Hitachi P50X902 50-inch plasma HDTV Page 2

Two Color Space settings are available: AutoStd/xvColor and Vibrant. The Auto mode had a wider color gamut and delivered primary colors that measured closer to the HDTV standard. It toned down the set's color saturation to create a more film-like image than Vibrant could deliver, but it also sacrificed some color details that added a sense of realism. Since Auto also disabled many of the TV's advanced color adjustments, I opted for Vibrant along with the D.Cinema color-temperature setting before making final picture tweaks.

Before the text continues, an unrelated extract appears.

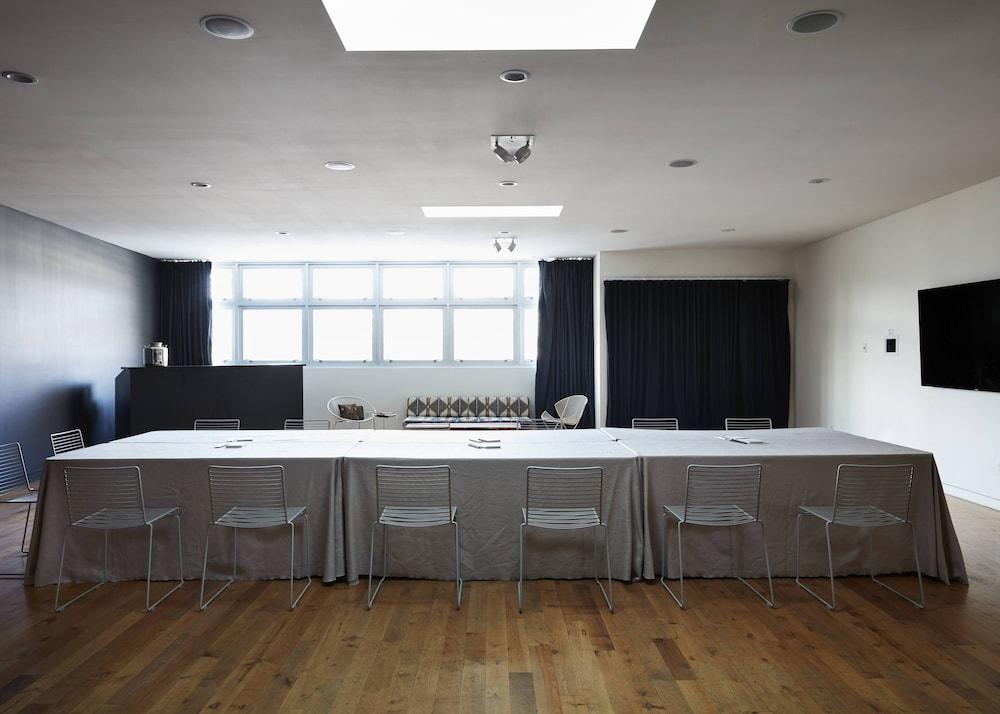 Ace Hotel and Swim Club photo 57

With these settings, color temperature tracked between 6,000 and 6,300 K across most of the brightness range - not much off the 6,500-K industry standard.

Besides the traditional Brightness (black-level) control, the P50X902 offers Gamma and Black Enhancement adjustments to help strike the right balance between deep blacks and clear reproduction of shadow details. I ended up setting Gamma and Black Enhancement to Medium and Middle, respectively.

PERFORMANCE

After basic calibration tamed the Hitachi's slightly too warm and oversaturated flesh tones, high-def cable-TV programs looked great on its 1080p screen. NBC's broadcast of the Summer Olympics offered a steady stream of crisp, brightly colored images to watch. The reds in the uniforms of the U.S. women's basketball team looked natural and appropriately saturated, while rich blues, neutral whites, and amazingly sharp details could be seen in the sequined swimsuits of the Russian synchronized-swimming team. The Blu-ray Disc of the romantic comedy Fool's Gold also looked sensational on the Hitachi. A wide shot of the Caribbean in the opening sequence was convincingly blue-green, and the bright yellows in the Hawaiian shirt worn by treasure-hunter Ben Finnegan (Matthew McConaughey) popped off the screen without looking unnatural. The set's blacks appeared to be solid, but just to make sure, I used an HDMI splitter to compare the Hitachi with a first-generation Pioneer Elite Kuro. On most programs, the Hitachi impressively matched the Kuro for color accuracy and contrast. But on very dark scenes - such as one in which Finnegan's ex-wife Tess (Kate Hudson) examines a shipwreck artifact on a yacht's deck at night - the Pioneer's superiority was apparent.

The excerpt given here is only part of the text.